**Work item**
In the answer, each line must appear exactly as in the records, and no picture may appear.

**Records for processing**
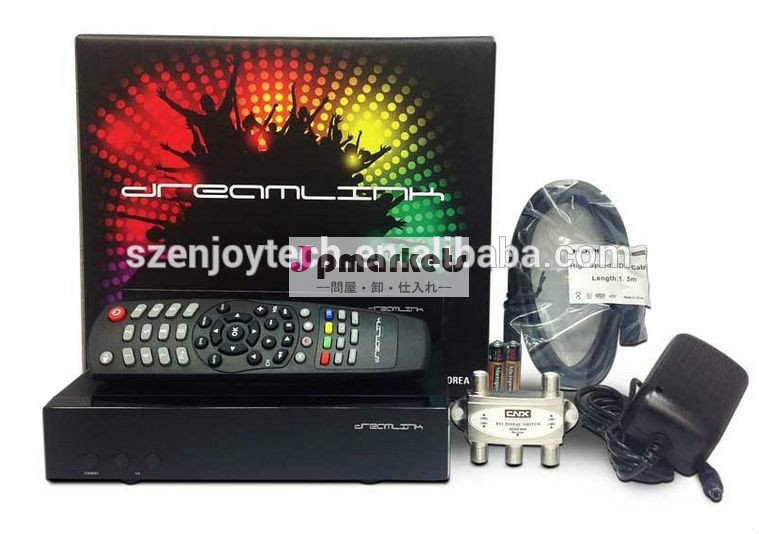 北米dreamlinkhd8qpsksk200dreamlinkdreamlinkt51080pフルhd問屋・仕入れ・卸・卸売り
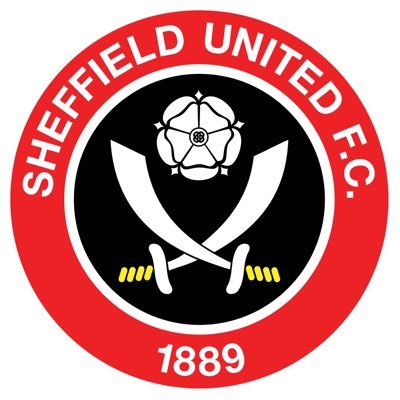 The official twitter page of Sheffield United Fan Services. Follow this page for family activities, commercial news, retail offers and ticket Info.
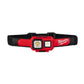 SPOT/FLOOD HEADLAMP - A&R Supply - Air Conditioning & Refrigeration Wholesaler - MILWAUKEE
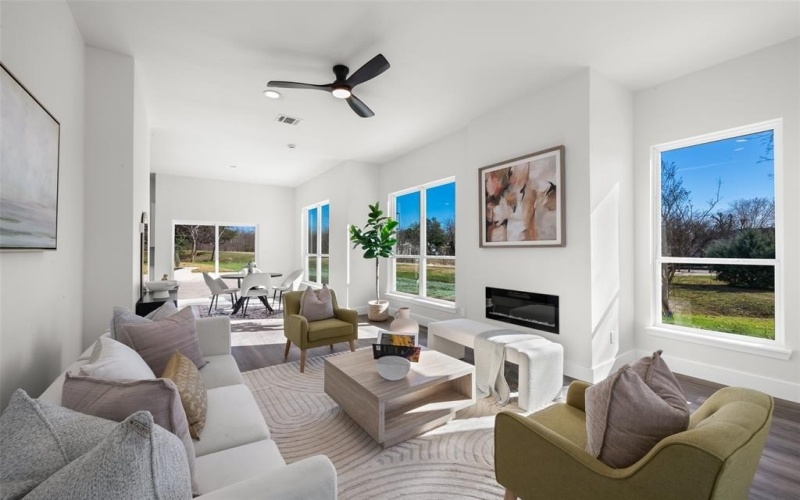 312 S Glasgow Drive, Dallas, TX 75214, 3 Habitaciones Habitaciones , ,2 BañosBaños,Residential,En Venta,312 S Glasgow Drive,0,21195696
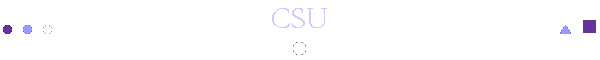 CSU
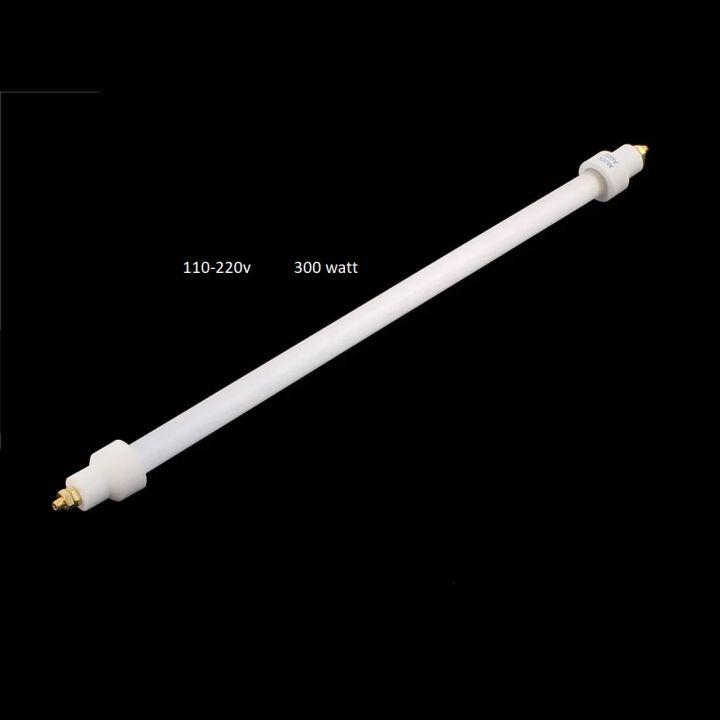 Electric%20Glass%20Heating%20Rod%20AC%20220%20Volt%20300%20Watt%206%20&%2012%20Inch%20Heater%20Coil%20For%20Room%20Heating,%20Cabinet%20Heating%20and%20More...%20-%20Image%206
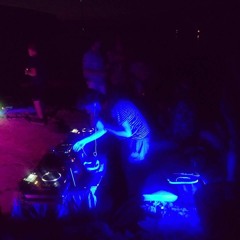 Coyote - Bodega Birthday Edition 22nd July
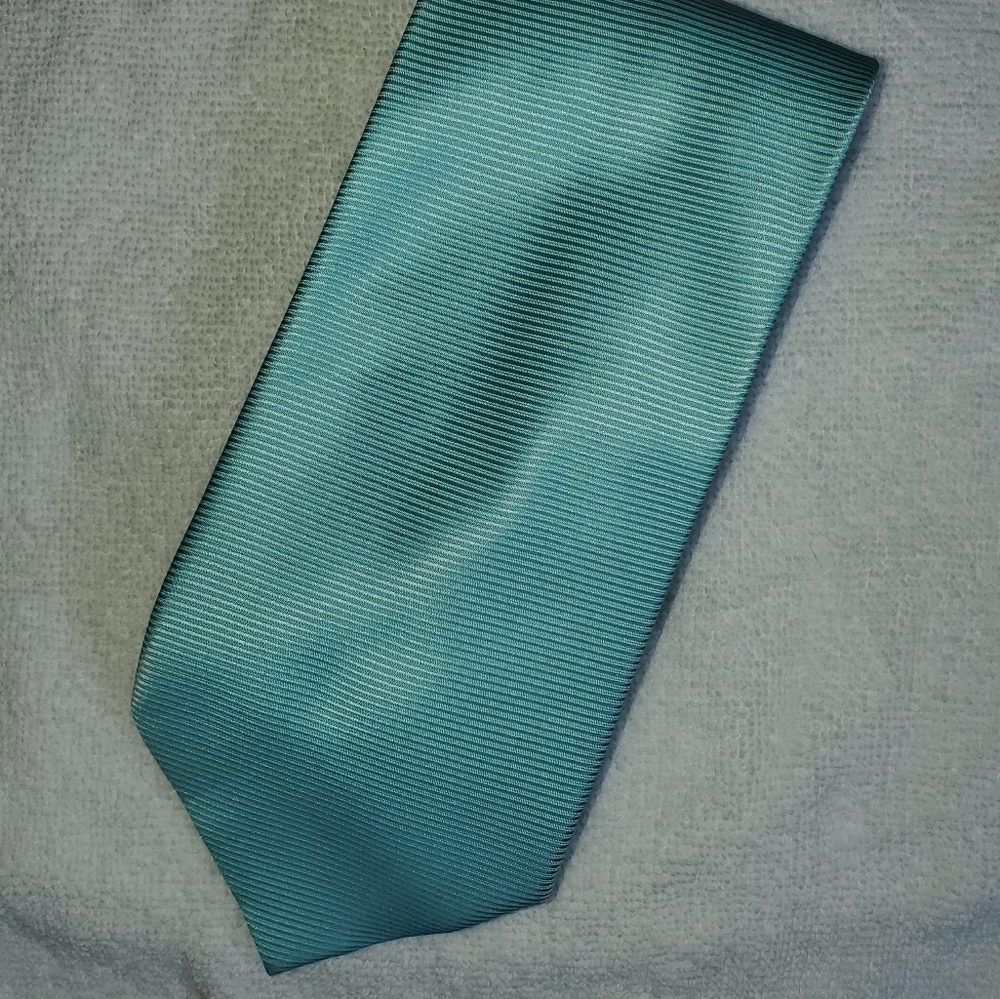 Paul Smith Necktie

**Response to this task**
 北米dreamlinkhd8qpsksk200dreamlinkdreamlinkt51080pフルhd問屋・仕入れ・卸・卸売り
 The official twitter page of Sheffield United Fan Services. Follow this page for family activities, commercial news, retail offers and ticket Info.
 SPOT/FLOOD HEADLAMP - A&R Supply - Air Conditioning & Refrigeration Wholesaler - MILWAUKEE
 312 S Glasgow Drive, Dallas, TX 75214, 3 Habitaciones Habitaciones , ,2 BañosBaños,Residential,En Venta,312 S Glasgow Drive,0,21195696
 CSU
 Electric%20Glass%20Heating%20Rod%20AC%20220%20Volt%20300%20Watt%206%20&%2012%20Inch%20Heater%20Coil%20For%20Room%20Heating,%20Cabinet%20Heating%20and%20More...%20-%20Image%206
 Coyote - Bodega Birthday Edition 22nd July
 Paul Smith Necktie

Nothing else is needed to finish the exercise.